Just wondering
I once saw an equation in MA that lists stall speed as a function of wing loading (among other things), But nowhere in that equation did wingspan have an effect on lift. I have also read that lift is not influenced by chord, but much more by wingspan, being a result of vortices. I have read that the bigger the wingspan. The more lift is generated I think (I might be wrong) That as lift gets larger, then stall speed decreases. Then how come the equation for stall speed does not have wingspan incorporated into it. If the equation is true, wouldn't the most aerodynamic airplane (Apart from turning very badly)have a very narrow wingspan and a big chord. There would a low stall speed from the wing area, but small frontal area. And what about flat bottom airfoils? The way I have read it is that the flat bottom is a built-in angle of attack. Doesn't that influence the stall speed somehow?
Unfortunately I'm still pretty uneducated in aerodynamics(I plan to be an aircraft engineer some day), so I beg for layman's terms
Thanks

You may be thinking about aspect ratio. Aspect ratio = span / chord

If the chord is not constant, then it is span^2/area

Higher aspect ratio wings are more efficient than those with lower aspect ratios. The Lift/Drag ratio is better. Either more lift, or less drag will improve the L/D ratio, but I think less drag is what is happening when you go with higher aspect ratios.

Also, the lift versus angle of attack curve is steeper, hence (.. or, and...) they stall earlier than wings with low aspect ratios but otherwise identical airfoils. This simply means a high aspect ratio wing reaches the max lift coeficient sooner (i.e. lower AoA) than a low aspect ratio wing using the same airfoil.

Stall speed is defined as the speed required to support the weight of the plane when the wing is operating at maximum lift coefficient. Buried in that max lift coefficient could very well be the factors you expect such as wing span. But the problem is not really tractable at such a level of detail so a single number "lift coefficient" for the entire wing (not 2D airfoil, *wing*) is used. One could say, *plane* not wing for that matter.
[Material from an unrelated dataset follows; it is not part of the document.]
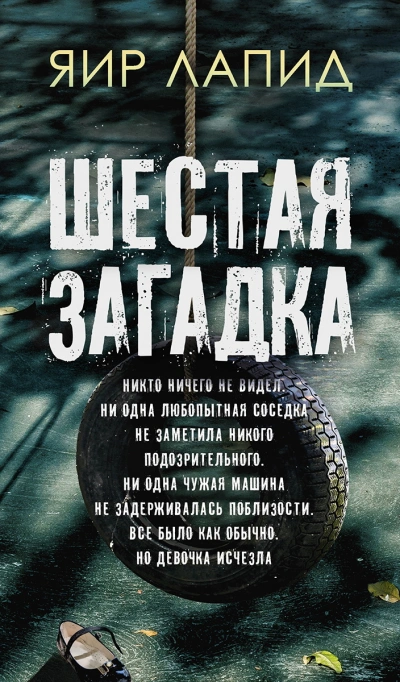 Шестая загадка - Яир Лапид - современные аудиокниги попаданцы мр3 слушать на лучшем сайте booksaudio-online.com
I think answer is drag. Low aspect ratio wings have poor lift/drag ratios. Low L/D = more fuel, or lesser glide ratio if you're a glider.

I think that answer is yes of course, and many other things. Not very satisfying... I know. Perhaps someone else can do better

.... you sure packed a lot of questions in there.
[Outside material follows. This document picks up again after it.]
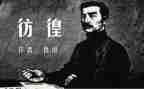 《彷徨》的读后感6篇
Best of luck with your endevours.

To add a little to Jim's excellent answer.

Yes airfoils with higher maximum lift coefficients will slow down further before stalling. That's one item that should have been in that formula. If you go back and read the article you may find that they assumed a max Cl of 1 or some other amount. Cl=0.9 to 1.2 is quite a common max lift coefficient range for model type airfoils so assuming the value equals 1 isn't that far out.

And flat bottomed airfoils do not have a built in angle of attack. Folks just draw them that way (like Jessica Rabbit ). Properley presented a ClarkY should be drawn with the chord line from the very peak of the leading edge to the point on the trailing edge in horizontal alignment. When done that way the flat lower surface will be angled. Don't be confused by common convention even if it IS common.

Here are some equations for you to play with. Understanding aerodynamics has a lot to do with understanding the math, so to really get a good understanding of the subject you need to start playing with the math.

1:Velocity/Glideslope=Sinkrate
2:Glideslope= Lift/Drag
3: Power for level flight=Sinkrate*weight

(There is a close relationship between Aspect ratio(AR) and Glideslope)
so substitute AR for glideslope....

Velocity/AR=Sinkrate
AR=lift/drag

Lets take two plane going 100 fps (feet per sec) AR=5 the other AR=10. Both weigh 10 pounds.

In the first case 100/5=20 fps sinkrate and Power would need to be 20*10=200 fp/s
In the second case 100/10=10 fps sinkrate...power would be 10*10=100 fp/s

So if the AR is equal to the glideslope then the power for level flight changes inversly with the aspect ratio. (if I double the Aspect ratio then the power needed is cut in half)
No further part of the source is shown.